(DATA PROVIDED begins)
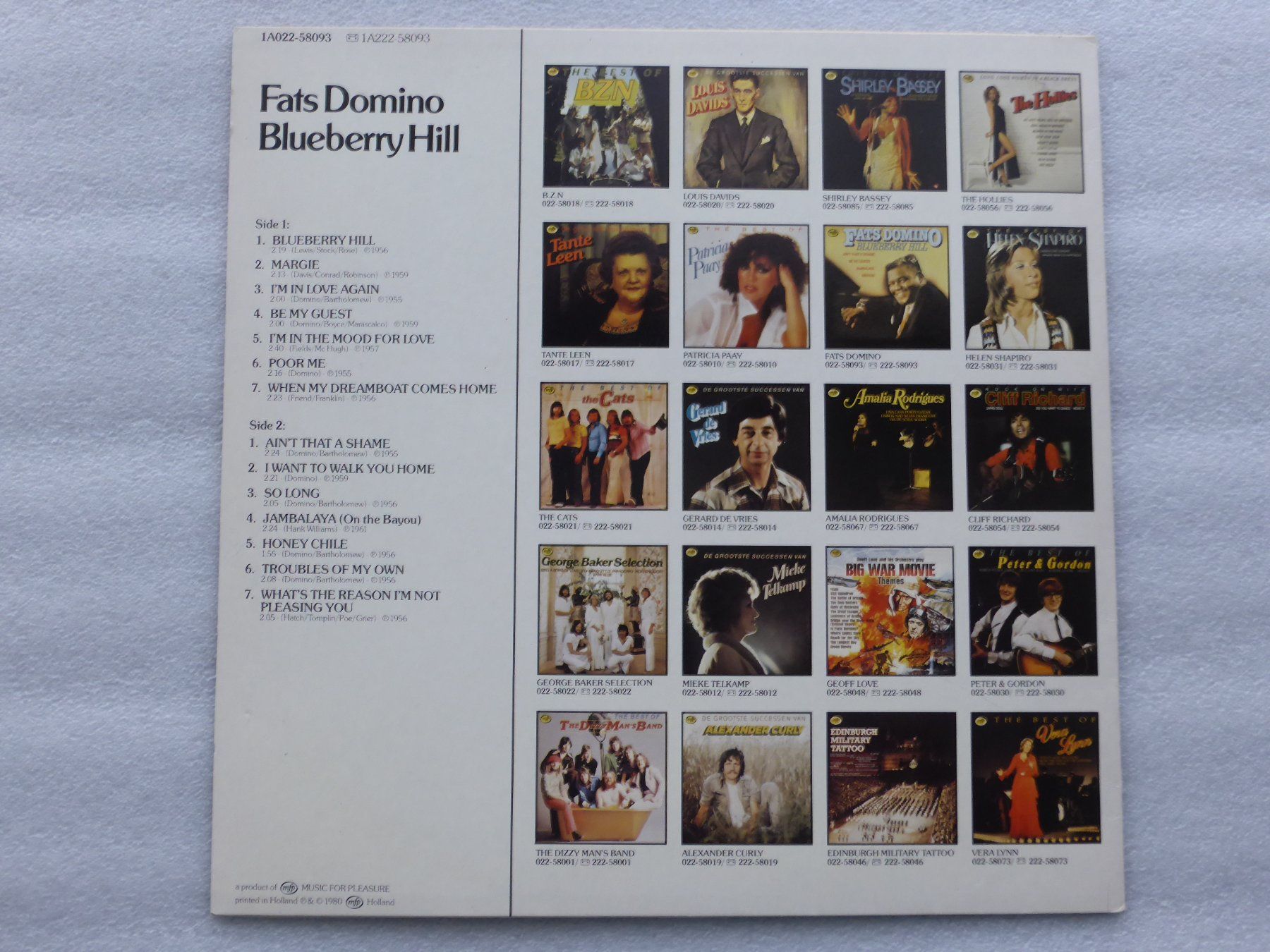 Dischi in vinile: VINYL  LP  FATS DOMINO – Usato da Küssnacht am Rigi venduto da Sunnestrahl 3
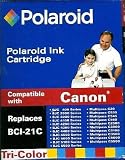 Polaroid - Polaroid's Canon BCI-21C-Compatible Tri-Color Ink Cartridge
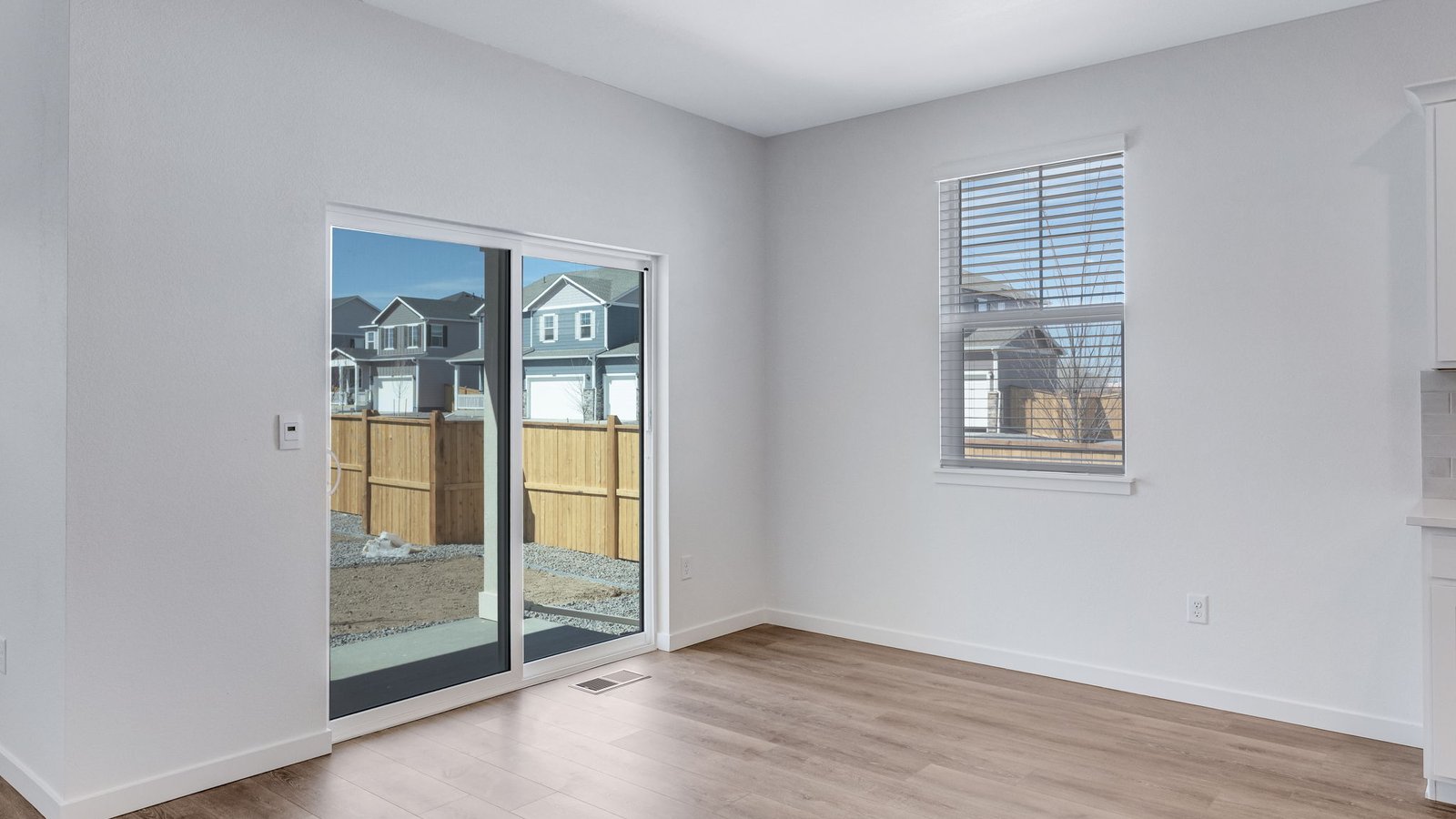 dining area in new home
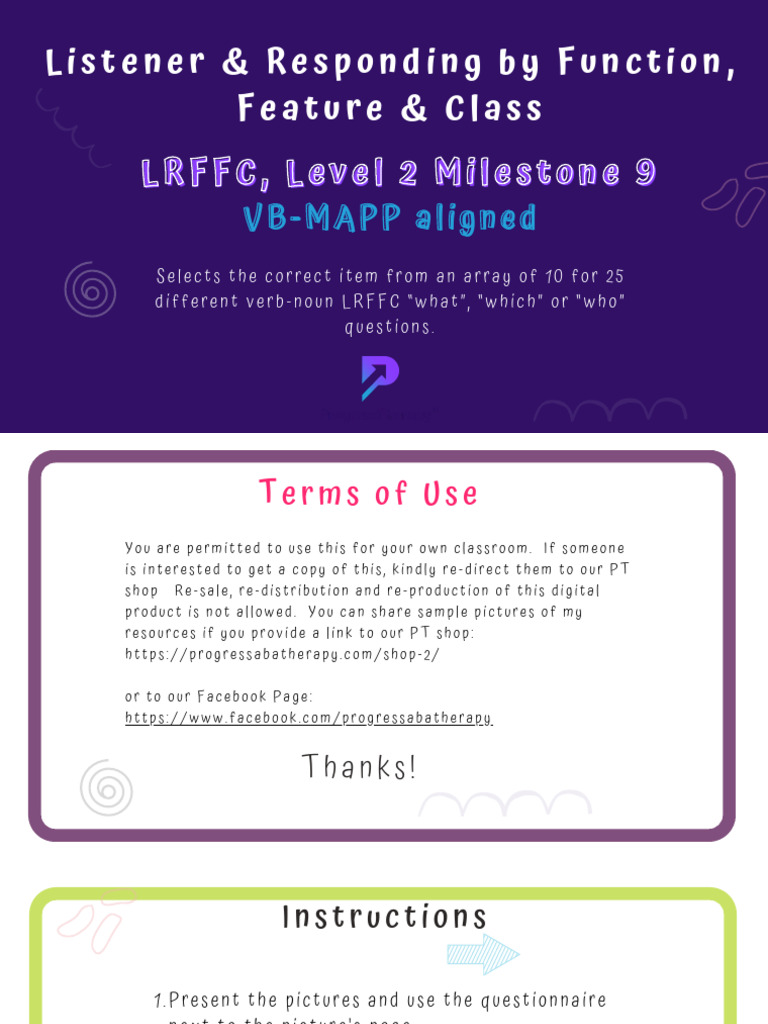 LRFFC Teaching Pack Overview | PDF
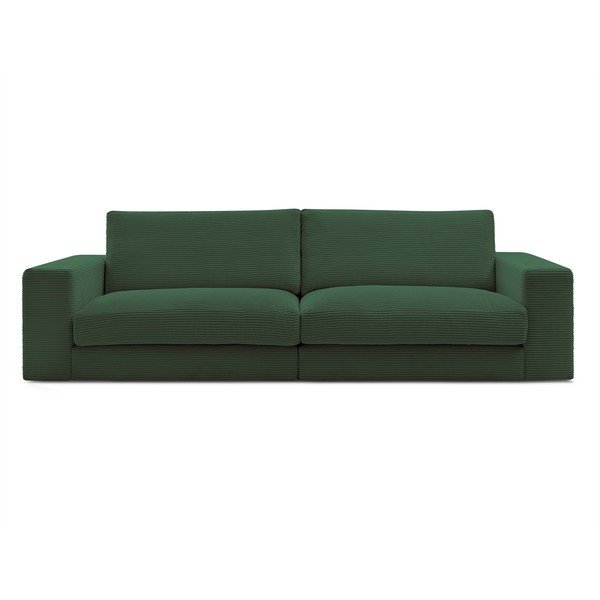 Sötétzöld kordbársony kanapé 274 cm Leonard – Bobochic Paris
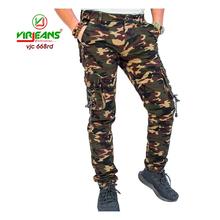 Virjeans Mens Combat Box Joggers Pant -mix Green(VJC 668)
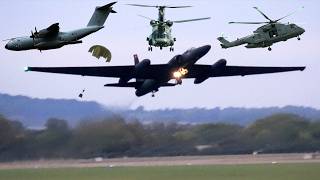 'Wild Spotting' Military Aviation Aircraft - Lockheed U-2, A400M, Apache AH-64E and More..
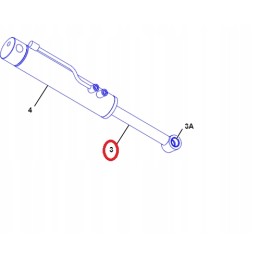 Žandikaulio pavaros stūmoklio strypas 9t 4008 9t4008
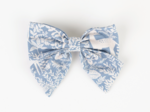 Barrette noeud papillon toile de biche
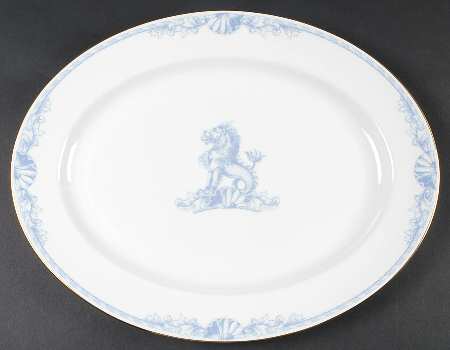 Heraldry 15" Oval Serving Platter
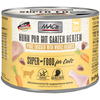 6x200g MAC's pur poulet, coeurs de volaille entiers - Pâtée pour chat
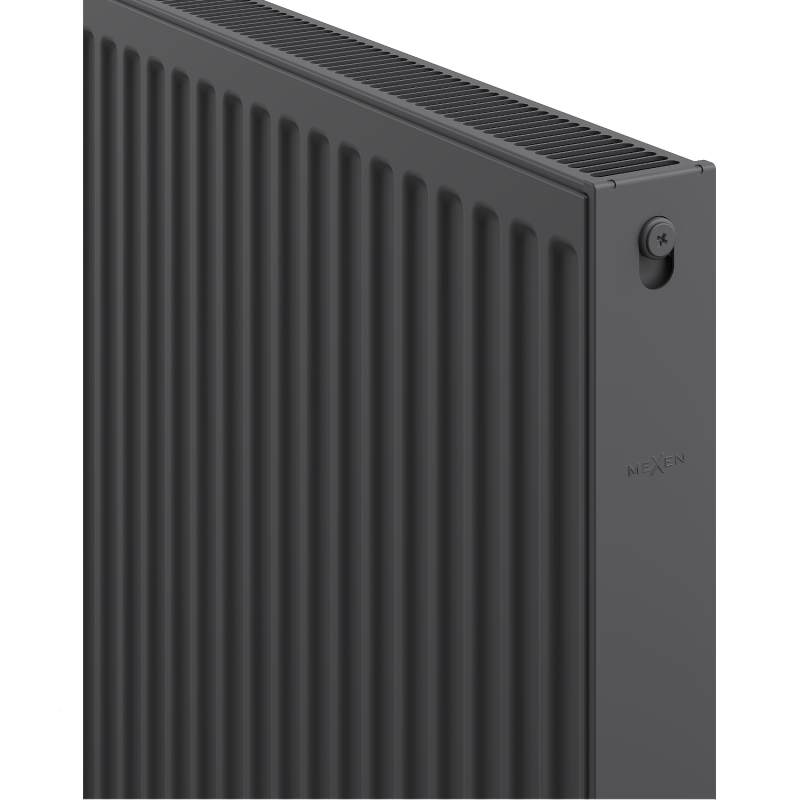 Mexen C21 grzejnik płytowy 400 x 1000 mm, podłączenie boczne, 926 W, antracyt - W421-040-100-66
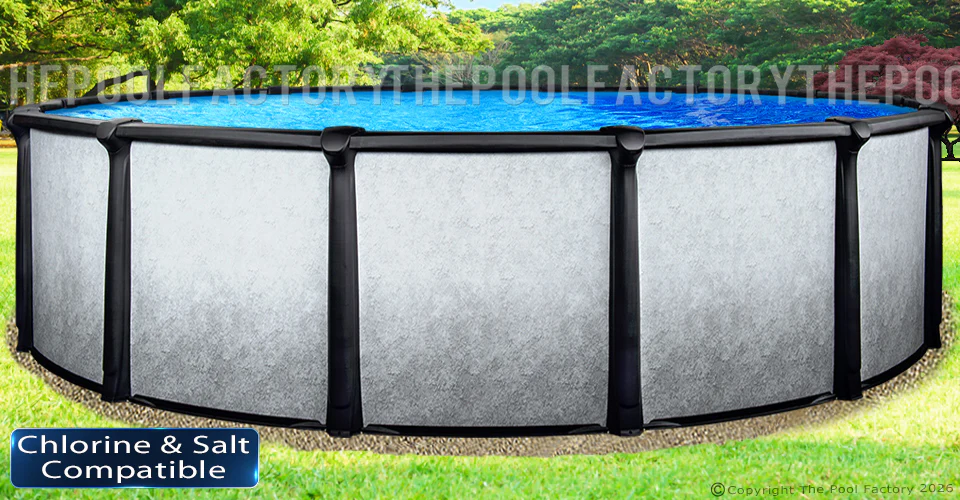 27'x54" Saltwater Twilight Round Pool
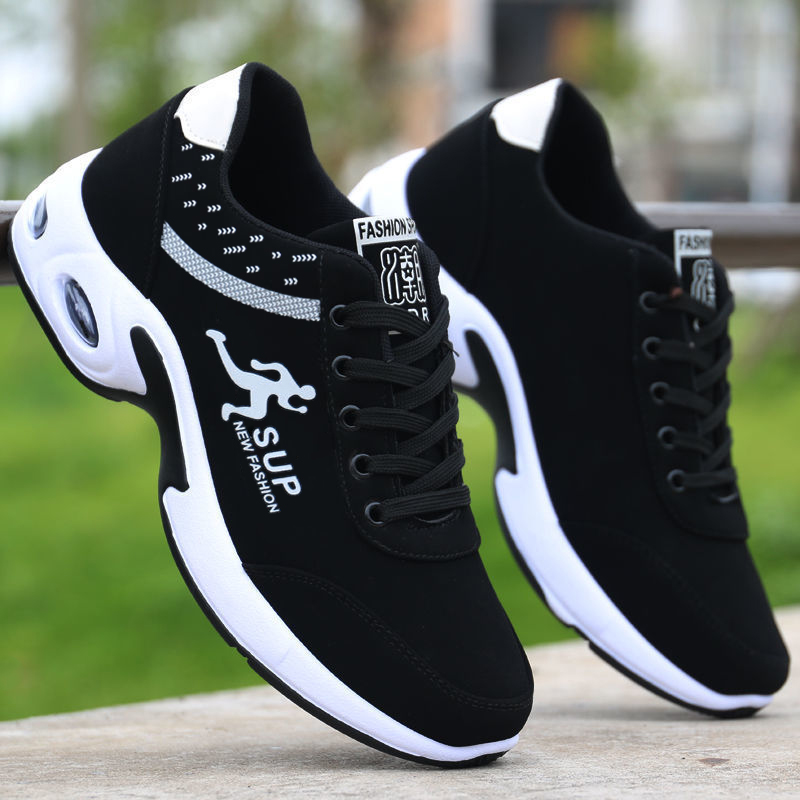 男鞋秋季2025新款防水皮面休闲运动鞋男士冬季加绒保暖棉鞋工作鞋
(DATA PROVIDED ends)
_TASK_. Set down exactly and only the lines from the line that contains "Barrette noeud papillon toile de biche" through the last line of the entries above, with both of those lines included and the pictures left out.

_OUTPUT OF THE EXERCISE_.
 Barrette noeud papillon toile de biche
 Heraldry 15" Oval Serving Platter
 6x200g MAC's pur poulet, coeurs de volaille entiers - Pâtée pour chat
 Mexen C21 grzejnik płytowy 400 x 1000 mm, podłączenie boczne, 926 W, antracyt - W421-040-100-66
 27'x54" Saltwater Twilight Round Pool
 男鞋秋季2025新款防水皮面休闲运动鞋男士冬季加绒保暖棉鞋工作鞋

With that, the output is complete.